Once you understand the relations in your data model, you will have solved more than 50% of your task and I am pretty sure then you can answer your question by yourself.

Of course, through such an analysis, you might overlook something, and that is why your deletion scripts have to be tested just like any other piece of software - not on the "live database", but on a test system, ideally filled with data from the live system.


Yes, there is no way round a deeper analysis of this deletion requirement. And there's no shortcut for protecting sensitive information. In addition to the nice answers already made, I'd like to share some thoughts:

  • if you'd manage to delete everything you had to from the database, there would still be plenty of evidence of this data in the older back- ups, in the logs, and most of all in the files managed by the DBMS (i.e. Many db systems use this file space as a kind of memory block and do no necessarily overwrite data that was deleted until enough new data would be added). If your db is kept on SSD storage it's even worse because the SSD driver will avoid overwriting as much as possible. So total deletion for ensuring governmental grade of sensitivity would require several operating procedures to complement your database action.
  • but from your wording, I understand that your issue is more about dependency management, i.e. deleting just the minimum but if possible nothing because of all the relations that could break your application consistency. If it's like that (and the sensitivity is not of classified level) you could consider the approach of marking for deletion with overwriting of critical info (e.g. You'd mark for deletion the record, filter this at app level, and overwrite some sensitive fields like product name in the db which could allow to recognize the marked for deleted data). This approach is a workaround for legacy systems but in the long run you have to get full understanding of you relations so to be able to make surgical interventions like that.
  • finally, you have to understand fully the need, not only to chose the best solution, but also to see if it's reasonable and avoid being accomplice of some obviously illegal activities ( especially if you work on financial systems or systems submitted to SOX or GMP regulation)

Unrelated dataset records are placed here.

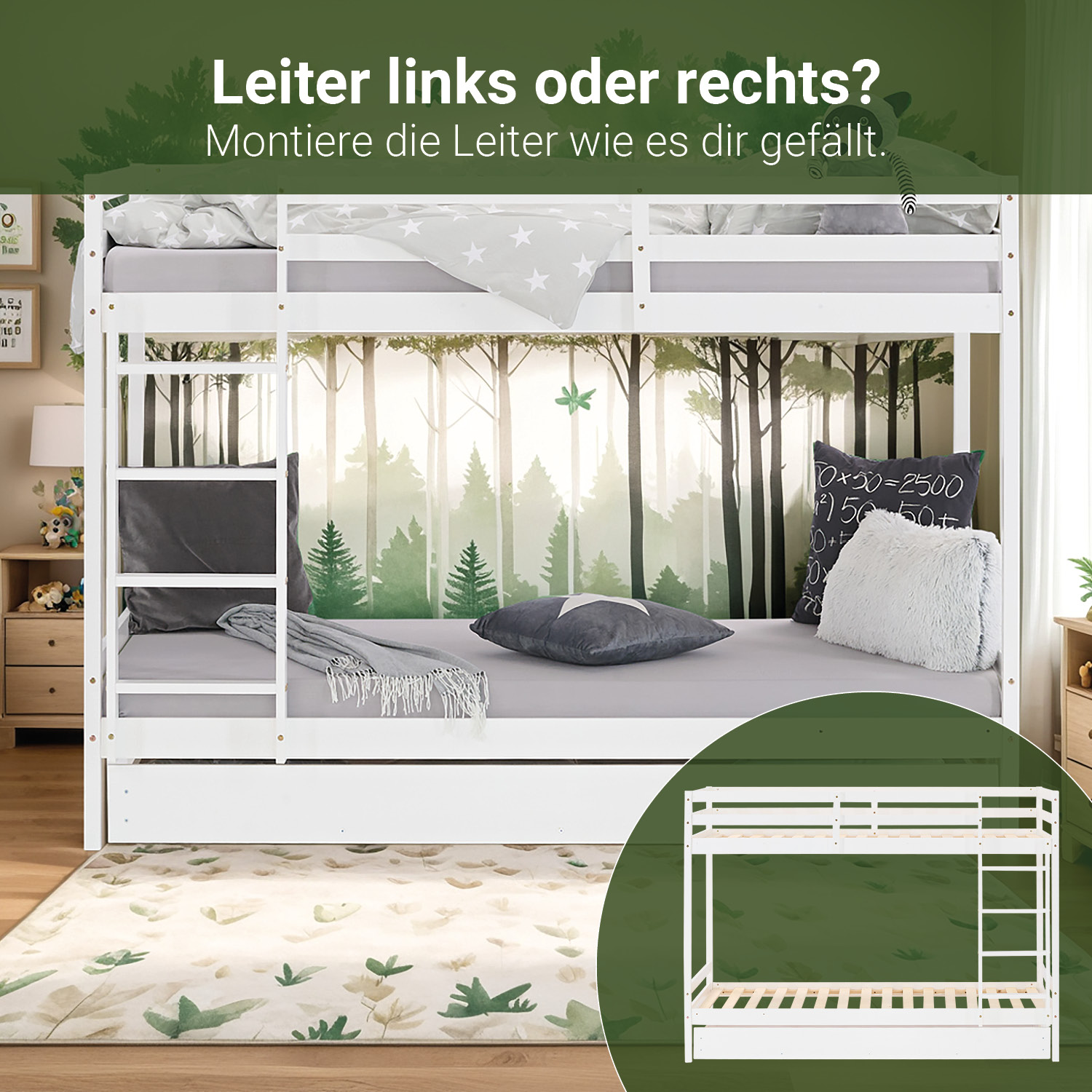 Bunk bed with drawer and 2 matresses Children bed 90x200 cm wooden Kids bed High sleeper White Slats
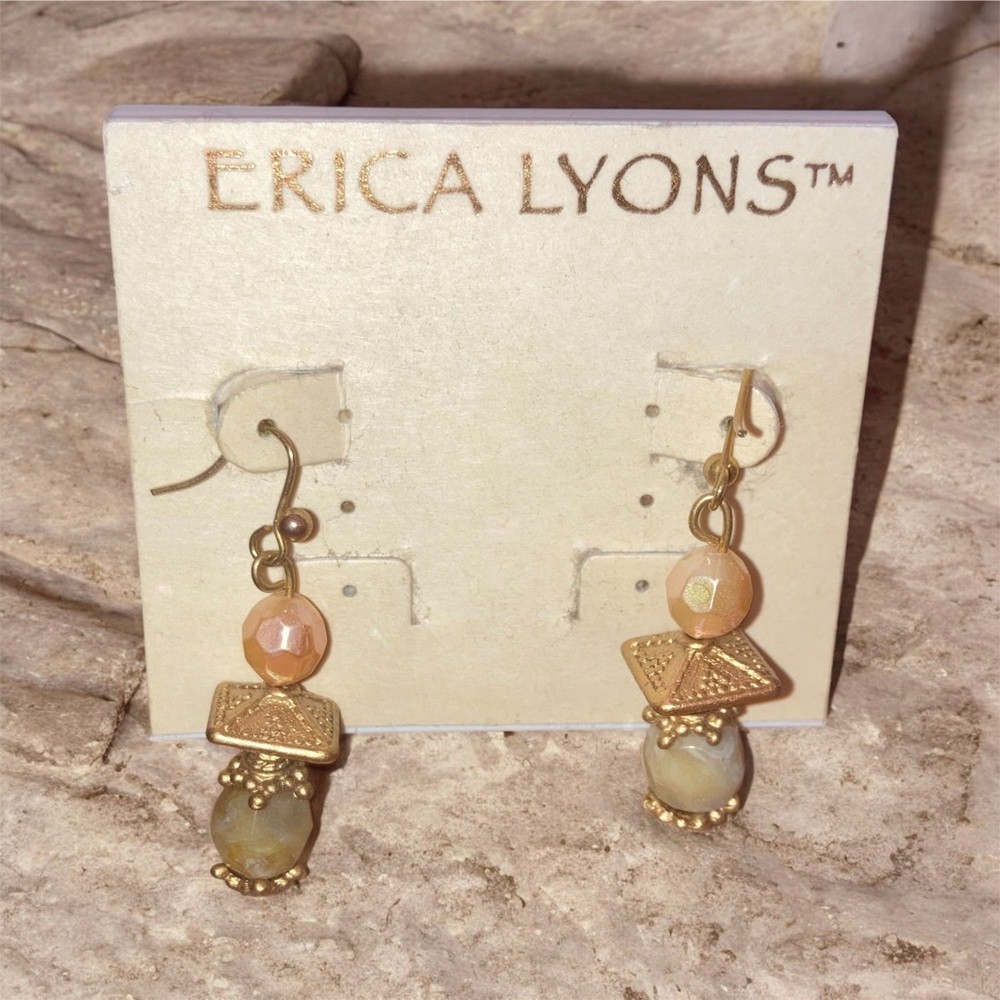 Erica Lyons Beaded Earrings Bronze and Peac Pearl  - NWT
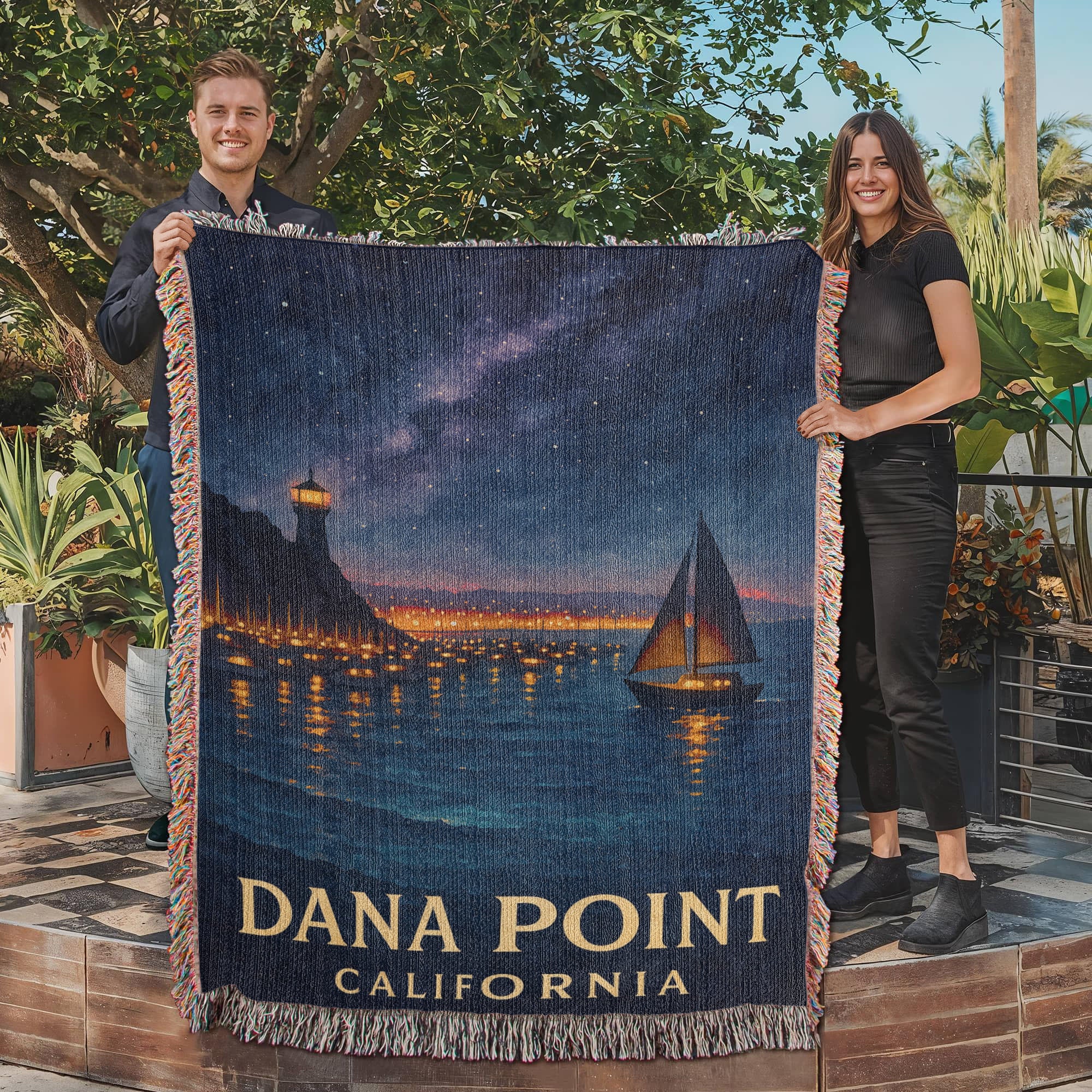Dana Point California Woven Blanket Travel Gift Vacation Souvenir 3 Sizes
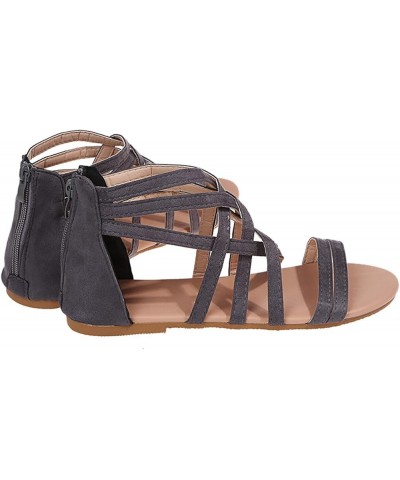 Sandals for Women Dressy Summer Beach Sandals Women's Flat Fashion Zipper Summer Toe Open Breathable Shoes Grey 7.5 $12.30 Sa...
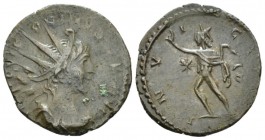 Victorinus, 268-270 Antonininianus Colonia circa 270, billon 20mm., 2.61g. Radiate, draped, and cuirassed bust r. Rev. Sol standing l., raising hand a...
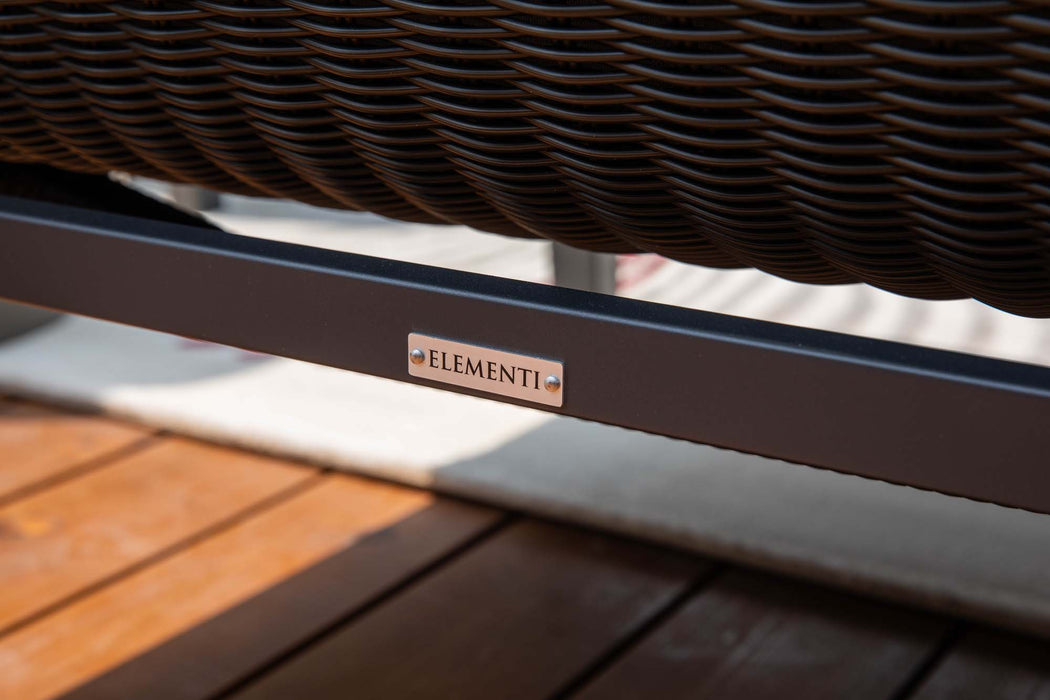 Detail of the Elementi brand sign on Laguna outdoor furniture, emphasizing the quality and design of this stylish collection.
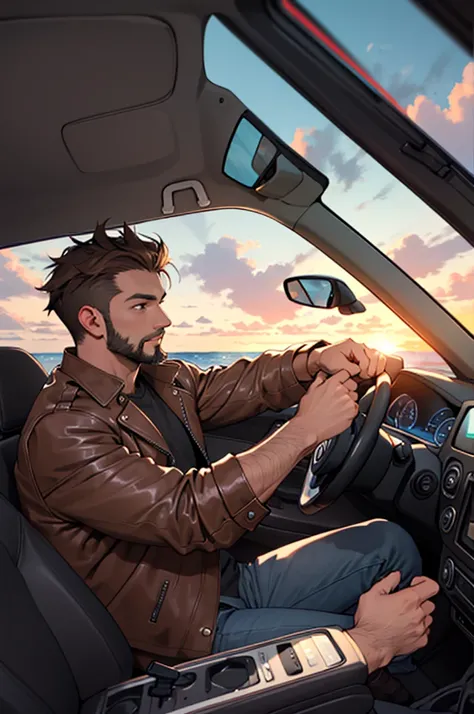 ((brown leather jacket)), short beard, brown hair, driving a jeep, sunset, ocean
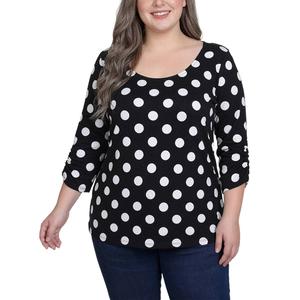 Plus Size NY Collection 3/4 Ruch Sleeve Dot Hacci Blouse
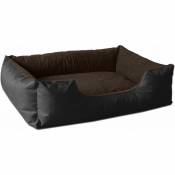 BedDog® LUPI lit pour chien de S à XXXL, 24 couleurs au choix, coussin de chien, lit pour chien, panier pour chien:M, BLACK-FIELD (noir/brun)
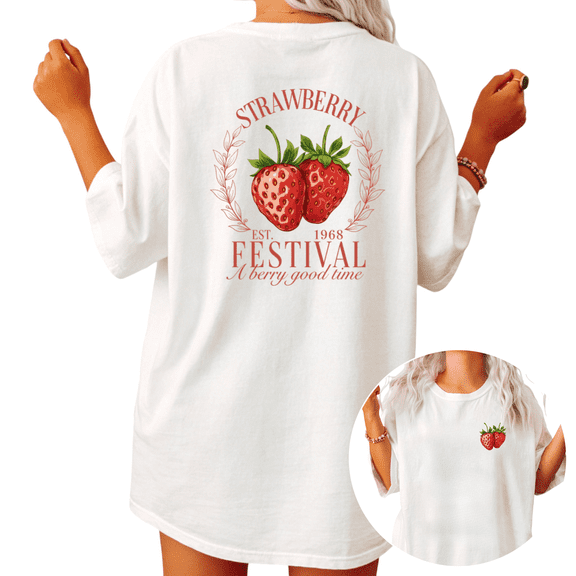 UNISHE Vintage Strawberry Womens Print Tshirt Graphic Tees White/Black S-5XL Tops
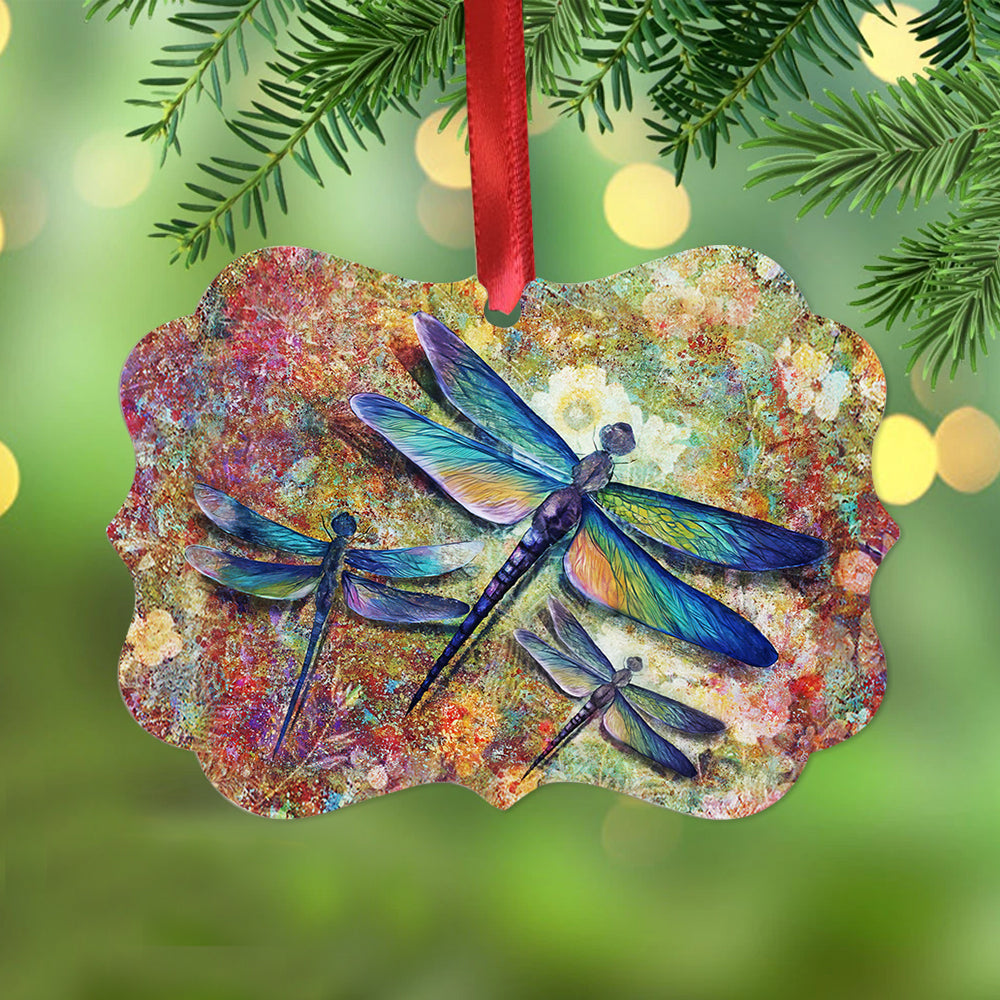 Dragonfly Lover Coloful Art Horizontal Ornament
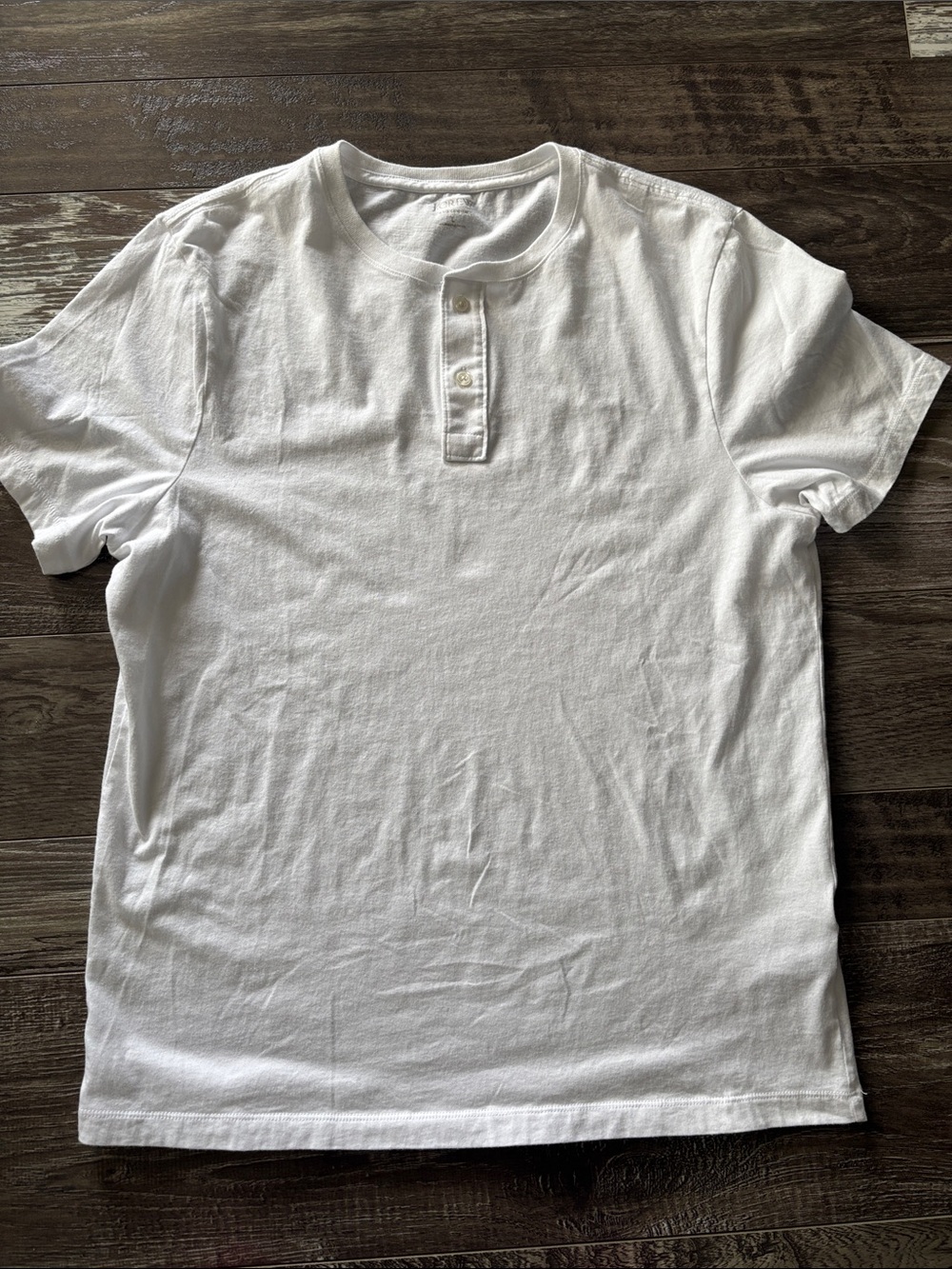 Classic J Crew White Short-Sleeve Henley Shirt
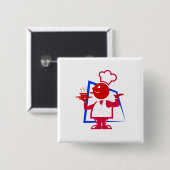 Hoofd Vierkante Button 5,1 Cm (Voorkant /achterkant)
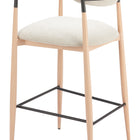 Zuo Equinox Barstool Oyster Gray & Natural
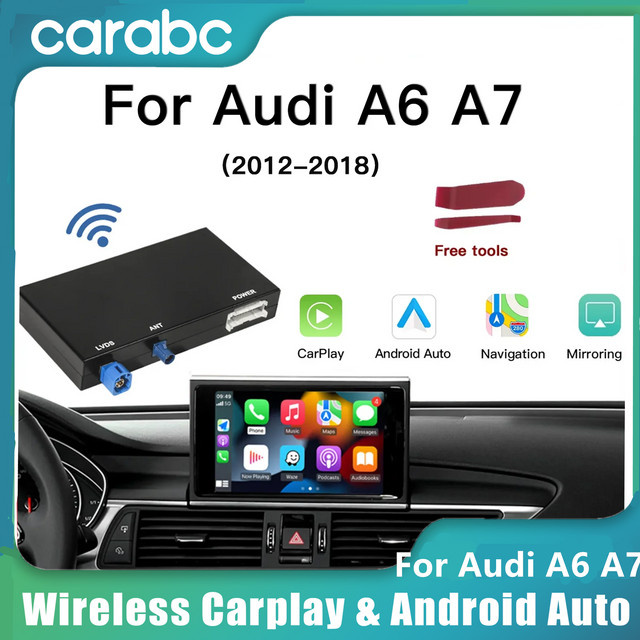 CARABC Drahtloses CarPlay und Android Automodul für Audi A6 A7 2012–2018 mit Bluetooth-Audio und OEM-Rückfahrkamera Unterstützung in Schwarz - Bild 1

I had a similar requirement for a government case management application where the database stored personal information for many people. Legal requirements were that after 10 years all the information should be removed/deleted/destroyed. The database structure was such that deleting the personal information was impossible as it was linked to work that had to be retained.

My solution was to update the personal information. Where information like phone numbers was not critical to data integrity I updated it to null. Street addresses and zip/postal codes could also be set to null.

Given the choice of updating thousands of records of people's names to John Doe or Jane Doe I created a table of fake names and used that as the source for the update.

The only issue I was not able to resolve was the city where people lived. This was also used by corporations whose addresses did not have to be cleaned. if I updated New York to a fake name then all the corporations would show that name as well.

This underlines the issue that removing sensitive information or retention is a business requirement that should be baked in when the application is designed or it can be very painful to do afterwards.